Segment Open
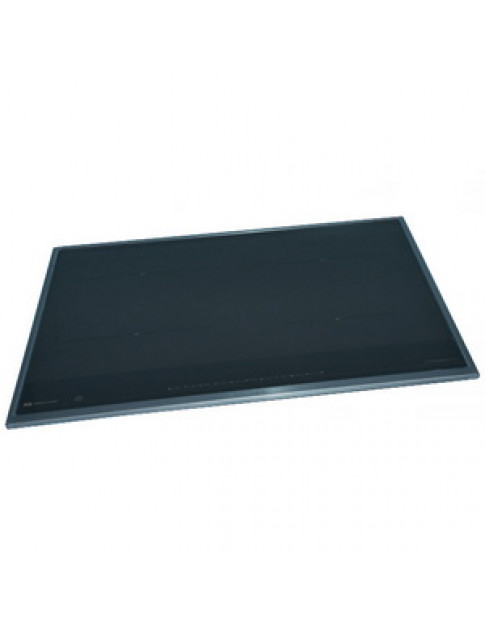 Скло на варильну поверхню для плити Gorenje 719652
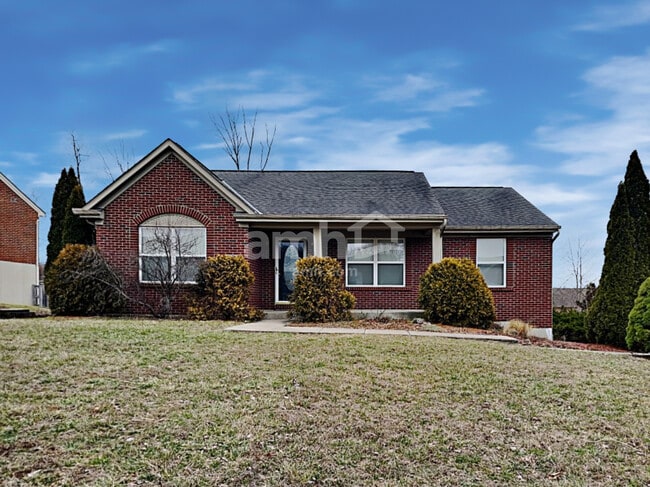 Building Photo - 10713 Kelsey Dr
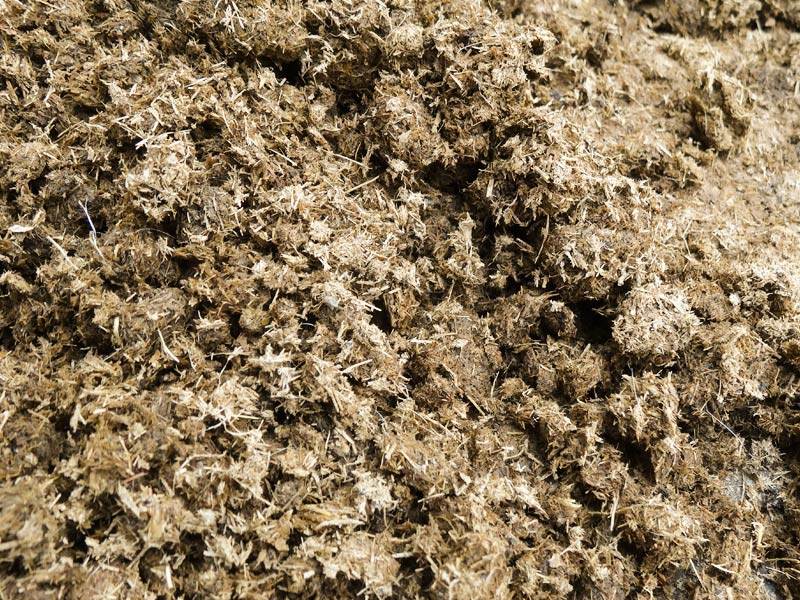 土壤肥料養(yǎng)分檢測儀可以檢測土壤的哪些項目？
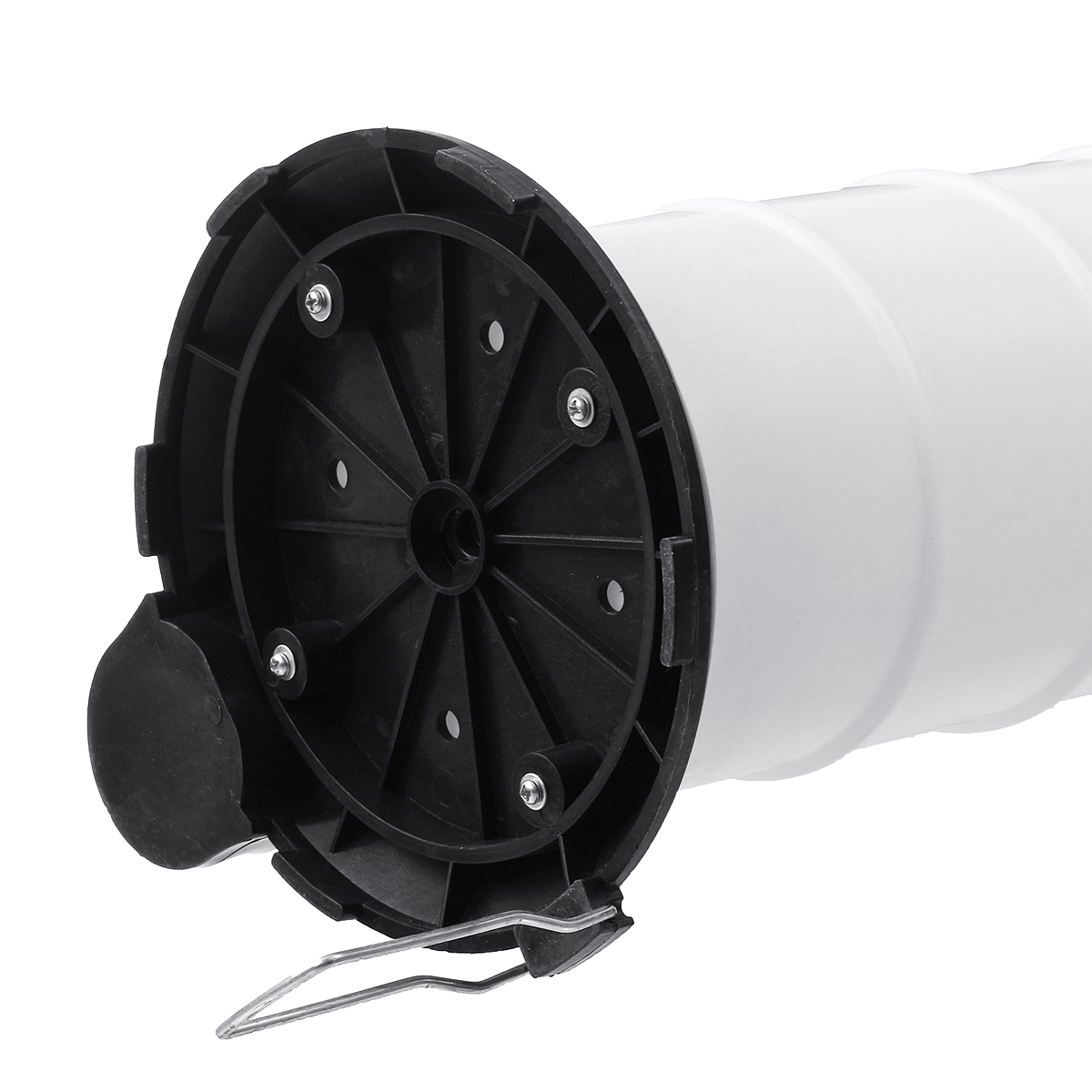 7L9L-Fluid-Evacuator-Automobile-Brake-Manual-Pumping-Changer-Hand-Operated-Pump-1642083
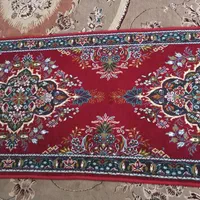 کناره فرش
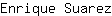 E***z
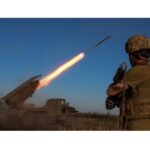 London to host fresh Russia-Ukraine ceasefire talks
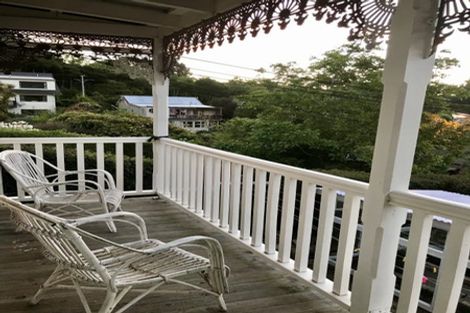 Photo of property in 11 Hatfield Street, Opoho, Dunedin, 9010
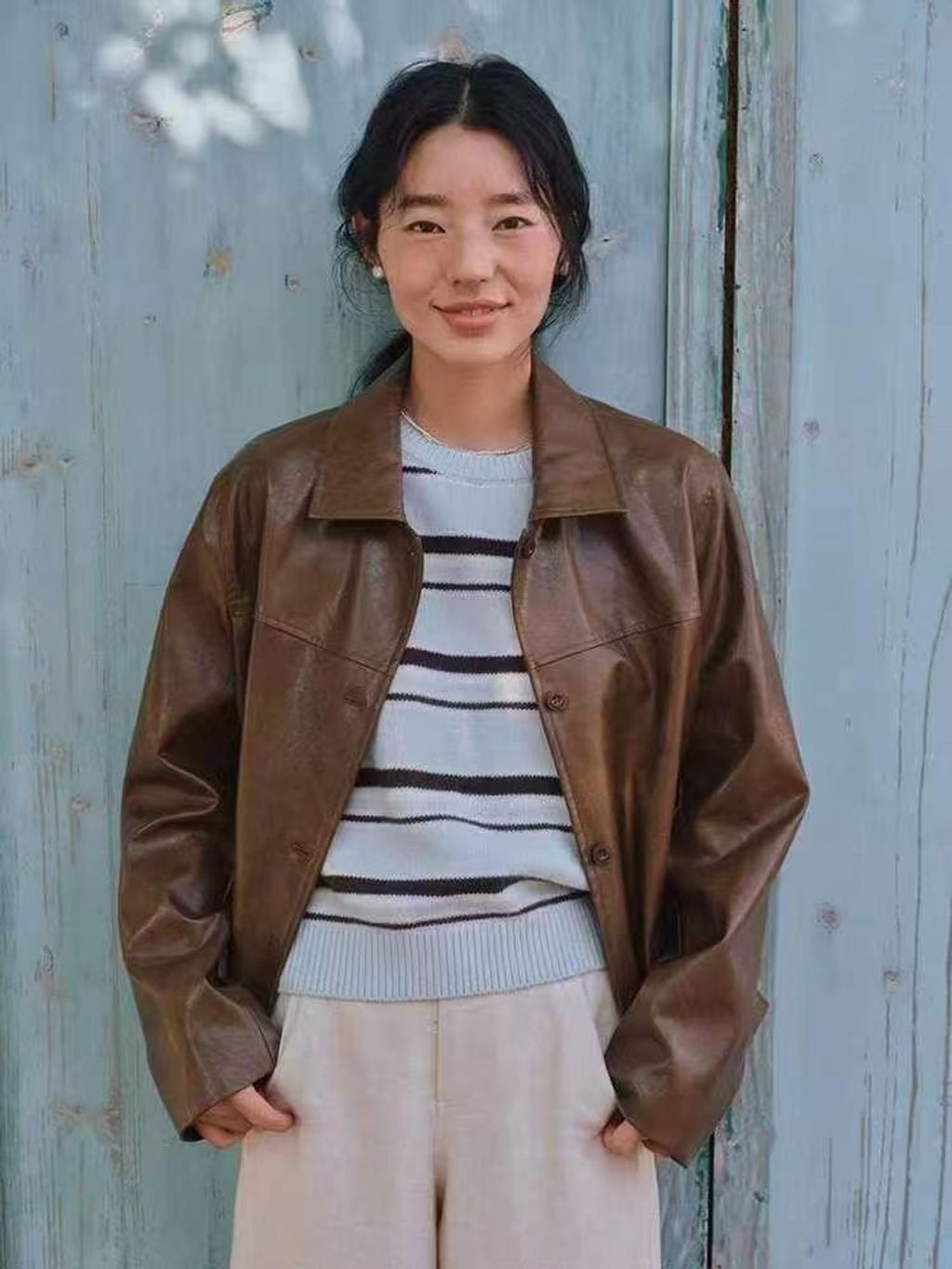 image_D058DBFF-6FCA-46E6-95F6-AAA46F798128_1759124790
Segment Closed
Segment Open
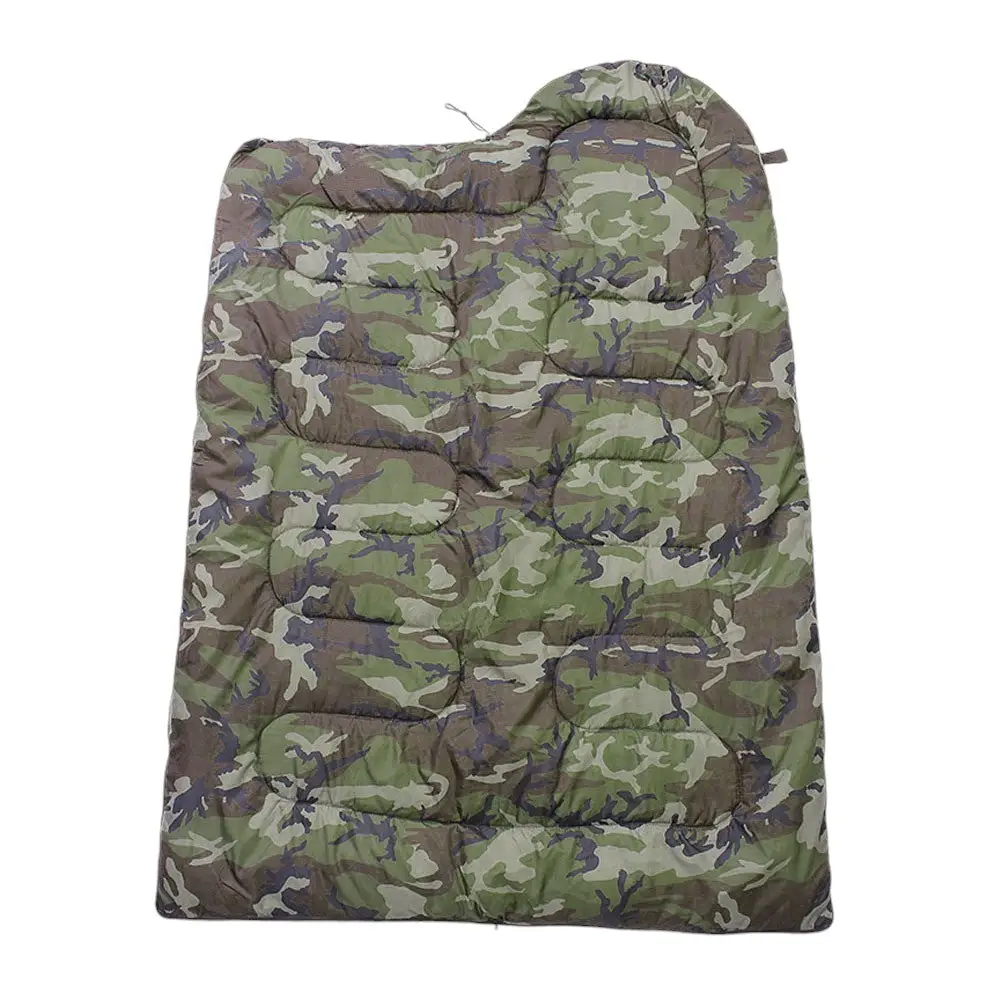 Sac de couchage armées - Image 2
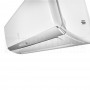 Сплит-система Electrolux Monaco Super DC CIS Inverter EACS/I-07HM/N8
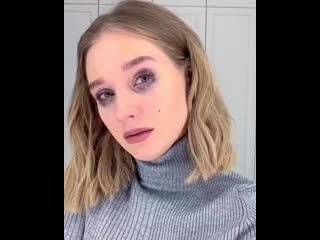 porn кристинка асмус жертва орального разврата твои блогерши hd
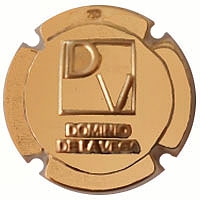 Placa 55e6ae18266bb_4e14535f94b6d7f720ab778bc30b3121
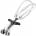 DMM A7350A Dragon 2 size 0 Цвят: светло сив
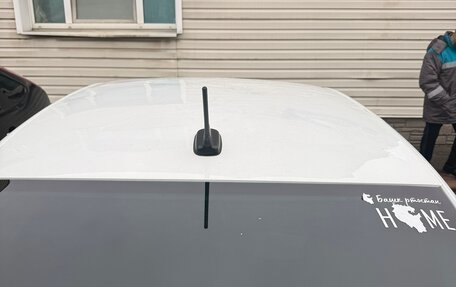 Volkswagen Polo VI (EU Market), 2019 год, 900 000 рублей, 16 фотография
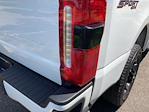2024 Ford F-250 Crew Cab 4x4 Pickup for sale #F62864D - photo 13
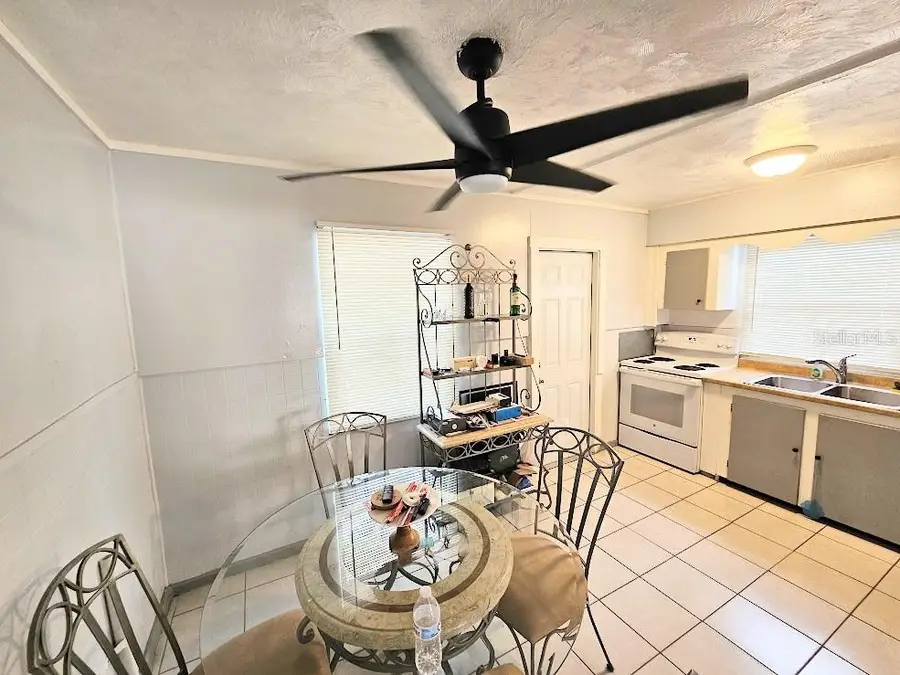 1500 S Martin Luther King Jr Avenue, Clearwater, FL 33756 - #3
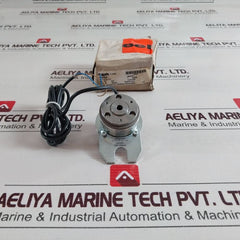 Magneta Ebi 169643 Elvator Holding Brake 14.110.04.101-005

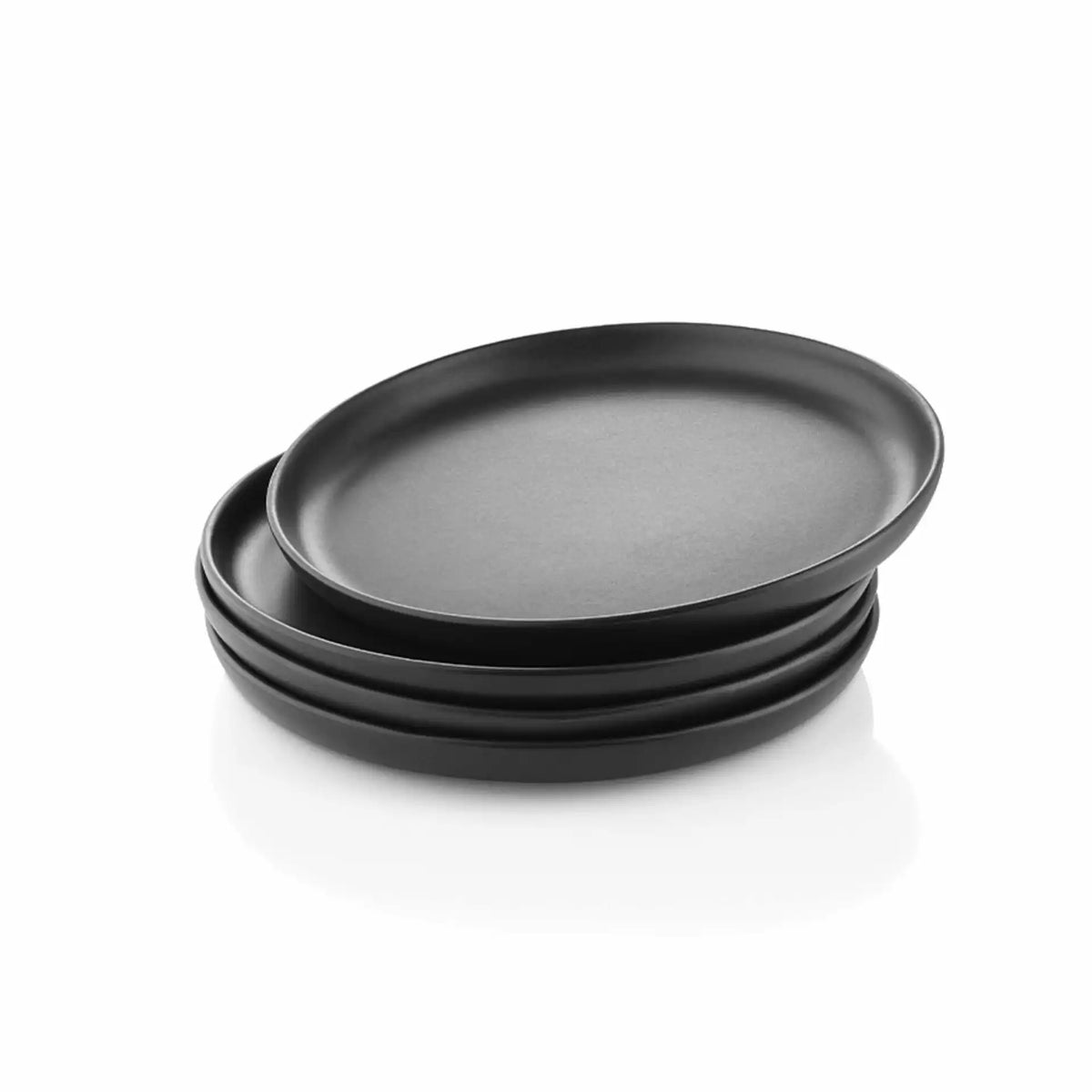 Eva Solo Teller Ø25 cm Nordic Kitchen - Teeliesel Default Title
Segment Closed
Using the records above, repeat exactly the run of lines that starts with the line with "Скло на варильну" and goes on through the line with "Photo of property"; omit each picture.

* **Result of this task**
 Скло на варильну поверхню для плити Gorenje 719652
 Building Photo - 10713 Kelsey Dr
 土壤肥料養(yǎng)分檢測儀可以檢測土壤的哪些項目？
 7L9L-Fluid-Evacuator-Automobile-Brake-Manual-Pumping-Changer-Hand-Operated-Pump-1642083
 کناره فرش
 E***z
 London to host fresh Russia-Ukraine ceasefire talks
 Photo of property in 11 Hatfield Street, Opoho, Dunedin, 9010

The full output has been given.